According to www.webmproject.org/about, WebM is a "royalty-free, media file format designed for the web." Briefly, WebM uses the VP8 video codec that Google purchased from On2, the Vorbis audio codec, and a file structure based upon the Matroska container. Though WebM is new, the VP8 codec itself was first launched on Sept. 13, 2008, and comes with some history and some baggage. The history
is its predecessor, VP6, which came to prominence when Adobe bundled it into Flash. It is still the most widely used video codec on the internet today. The baggage includes statements in the VP8 press release such as the following:

"With the introduction of On2 VP8, On2 Video now dramatically surpasses the compression performance of all other commercially
available formats. For example, leading H.264 implementations require as much as twice the data to deliver the same quality video as On2 VP8 (as measured in objective peak signal to noise ratio [PSNR] testing)."

The press release continues: "In addition, the On2 VP8 bitstream requires fewer processing cycles to decode, so users do not need to have the latest and greatest PC or mobile device to enjoy On2 VP8 video quality."

During the 11 months that followed the release, On2 never made VP8 available for testing, at least not to me or Streaming Media. And after Google signed the agreement to purchase On2 on Aug. 5, 2009, information about VP8 became tougher to find than President Obama's fabled Kenyan birth certificate. Google closed the deal on Feb. 19, 2010, and launched WebM on May 19.

Google has never repeated the exact claims that On2 made in the initial press release. But when Google makes claims such as "highest quality real-time video delivery" and "low computational footprint," it does draw some scepticism. It's also important to note that VP8 is not a new technology-it's actually been around for close to 2 years, so it doesn't get the benefit of the doubt on initial quality or encoding-related issues. That said, you'd have to assume that all browser-related ports began after Google signed the agreement to purchase On2 (August 2009) and perhaps as late as after the deal closed in February, so there certainly could be room for improvement there.
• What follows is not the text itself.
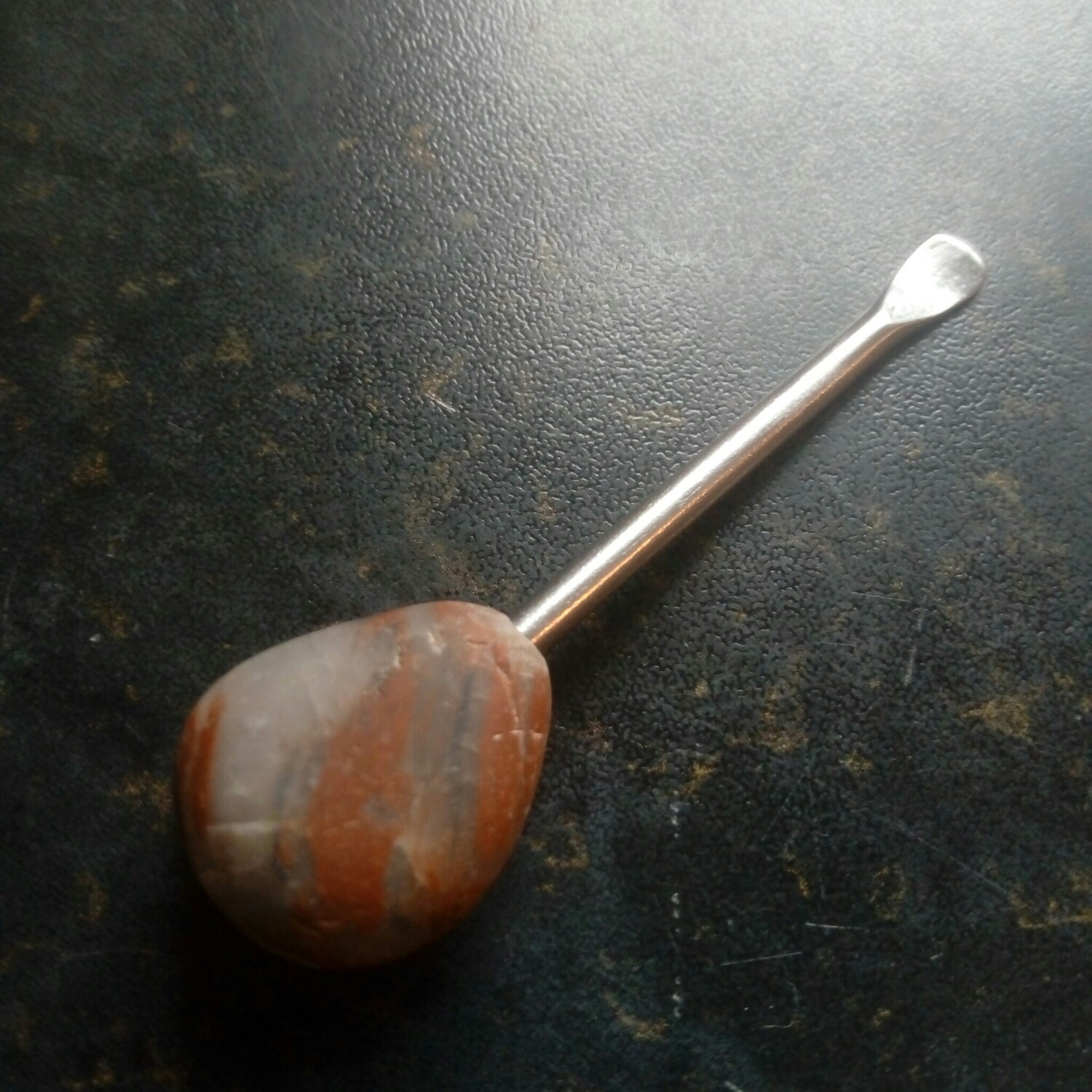 Quartz and jasper handle with carbon steel dabtool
That's the chatty background. Let's start looking at test results.

Encoding

For encoding, I looked at encoding speed and video quality; let's start with the former. As mentioned, I used a prerelease version of Sorenson Squeeze 6.0.4.63 to produce both the WebM and H.264 files. I produced two test files-one SD, one HD-using long standardised encoding parameters. For the SD file, this meant a target data rate of 500Kbps (468 video/ 32Kbps audio), using two-pass VBR encoding with all quality-related settings set to the max. The Squeeze interface makes this simple, with only a few VP8-related encoding controls, such as trading off size versus complexity and compression quality versus speed (Figure 1).

Interestingly, one of the benefits that Google touts about WebM on its website is "Click and encode. Minimal codec profiles, sub-options; when possible, let the encoder make the tough choices." I was certainly willing to do that and used Sorenson-provided presets for the most part, along with the required adjustments to meet my resolution and data rate targets.

For H.264, I used the High profile, with CABAC enabled, with three B-frames and three-reference frames, and encoding effort set to best. To complete the circle, I configured the HD test files at 720p at a VBR data rate of 800Kbps video/128Kbps audio (Figure 2).

When producing both WebM and H.264, Squeeze lets you improve encoding speed by using multiple CPUs-WebM via the Encoding Threads option shown in Figure 1, H.264 by using multiple slices (not shown in Figure 2). As you can see in Table 2, I tested using one thread/slice and 12 threads/slices on my HP Z800 with two six-core 3.33GHz Xeon processors, doubled to 24 total cores via hyperthreaded technology (HTT).

With one thread selected, producing the WebM file was very inefficient, with only about 4% of available CPU utilised, and producing the WebM file took almost four times longer than H.264. With 12 threads/slices selected, CPU utilisation jumped to as high as 30%, and the differential dropped to less than 25% for the SD file, though WebM still took 85% longer for the HD file. Note that I tried encoding with all 24 threads enabled, and it actually slowed encoding time.